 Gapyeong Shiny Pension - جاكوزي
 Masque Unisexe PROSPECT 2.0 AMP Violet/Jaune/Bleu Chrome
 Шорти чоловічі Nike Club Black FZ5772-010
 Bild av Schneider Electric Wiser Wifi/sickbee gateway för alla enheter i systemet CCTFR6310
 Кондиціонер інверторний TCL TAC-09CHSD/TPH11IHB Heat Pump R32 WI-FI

* * * * * * *

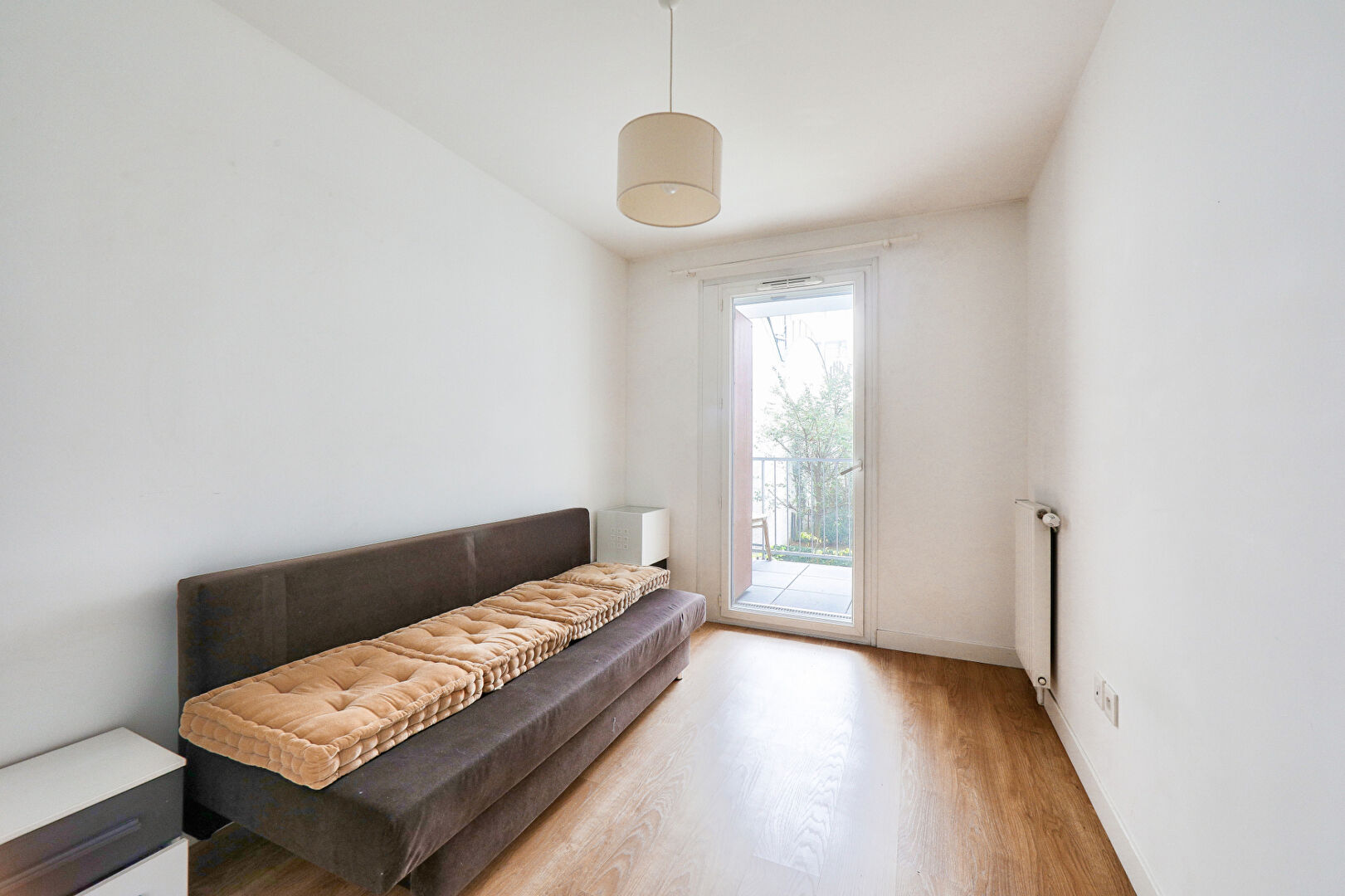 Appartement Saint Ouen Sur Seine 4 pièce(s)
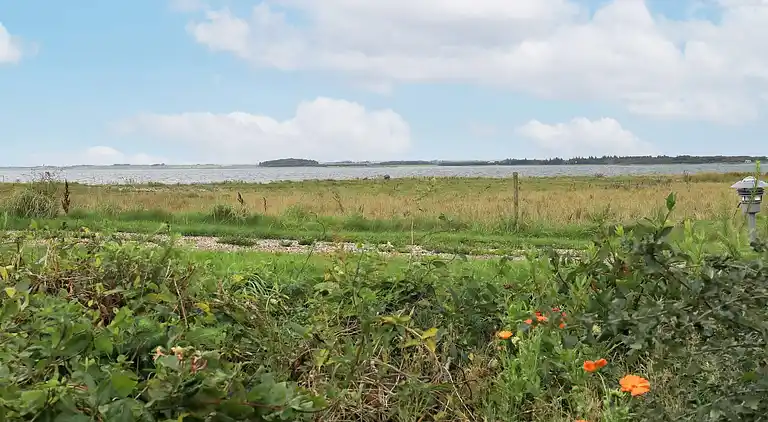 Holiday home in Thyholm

* * * * * * *

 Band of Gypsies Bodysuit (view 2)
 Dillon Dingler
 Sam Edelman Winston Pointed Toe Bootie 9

* * * * * * *

* [Exercise goal]: An exact copy of the lines above, from the one containing "Gapyeong Shiny Pension - جاكوزي" down to the one containing "Кондиціонер інверторний TCL" and including both, is the whole answer; retype it and nothing else.

* [Output for this exercise]:
 Gapyeong Shiny Pension - جاكوزي
 Masque Unisexe PROSPECT 2.0 AMP Violet/Jaune/Bleu Chrome
 Шорти чоловічі Nike Club Black FZ5772-010
 Bild av Schneider Electric Wiser Wifi/sickbee gateway för alla enheter i systemet CCTFR6310
 Кондиціонер інверторний TCL TAC-09CHSD/TPH11IHB Heat Pump R32 WI-FI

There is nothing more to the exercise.